Optimisation of thermal comfort and indoor air quality estimations applied to in-use buildings combining NSGA-III and XGBoost
DATA:
2022-05
IDENTIFICADOR UNIVERSAL: http://hdl.handle.net/11093/3094
VERSIÓN EDITADA: https://linkinghub.elsevier.com/retrieve/pii/S2210670722000531
MATERIA UNESCO: 1299 Otras Especialidades Matemáticas
TIPO DE DOCUMENTO: article
RESUMO
Indoor environmental quality (IEQ) monitoring of in-use buildings has become essential in recent years due to the COVID-19 pandemic, as it significantly affects the well-being, health and productivity of building users. Nevertheless, knowing in real time the environmental conditions in large multi-zone areas is a difficult issue. Thus, the use of machine learning techniques to estimate indoor conditions has increased considerably. The aim of this paper is to present an interpolation model, based on an optimised extreme gradient boosting algorithm, to estimate every minute the indoor temperature, relative humidity and CO concentration inside buildings. These estimations are obtained without requiring permanent monitoring in the occupied zone.
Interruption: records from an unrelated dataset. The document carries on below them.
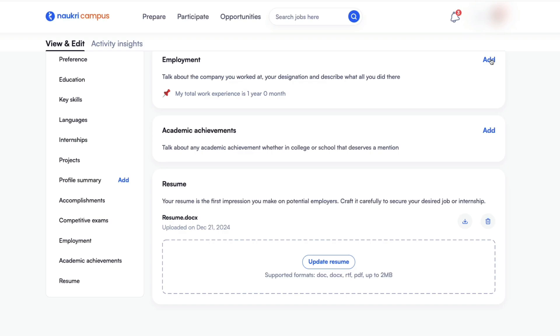If you want to add employment details, click on add and you can add your new employment details. So like this you can delete your employment details from your Nowcree profile. I hope you like this video. For more videos like this, subscribe to HR Cabin. Thank you.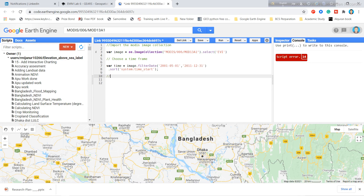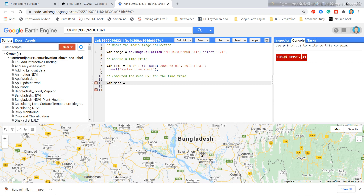Now I compute the mean EVI for the selected time frame. I create a variable called 'mean' and apply the mean function to the 'time' variable. This computes the mean EVI composite for the specific date range.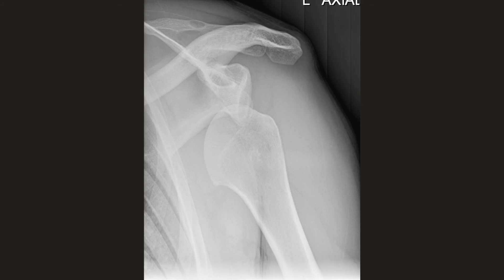This is another example of an anterior dislocation. You can see how a Hill-Sachs defect may occur, as well as a bony Bankart or soft tissue Bankart lesion.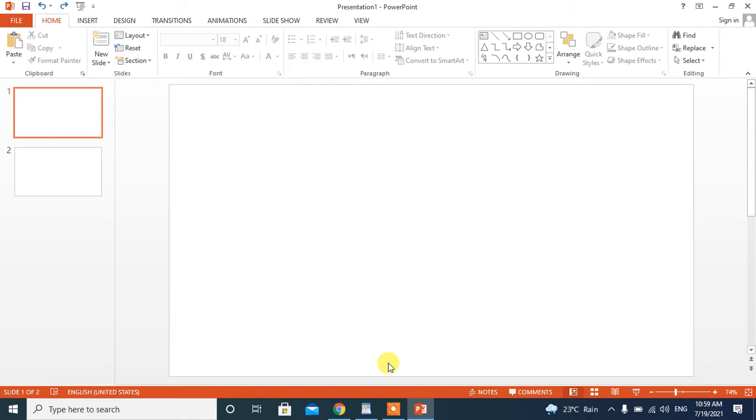Hello friends, in this video you will learn how to type fraction in Microsoft PowerPoint. Let's do it.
The optimisation, focused on finding the minimum number of monitoring devices needed to provide accurate interpolations, is performed using the multi-objective genetic algorithm NSGA-III. This methodology was applied in a research centre in the north-western Spain. The results show that the optimised or reduced model is capable of estimating indoor temperatures and relative humidity with relative errors below 6% and CO2 levels below 10%.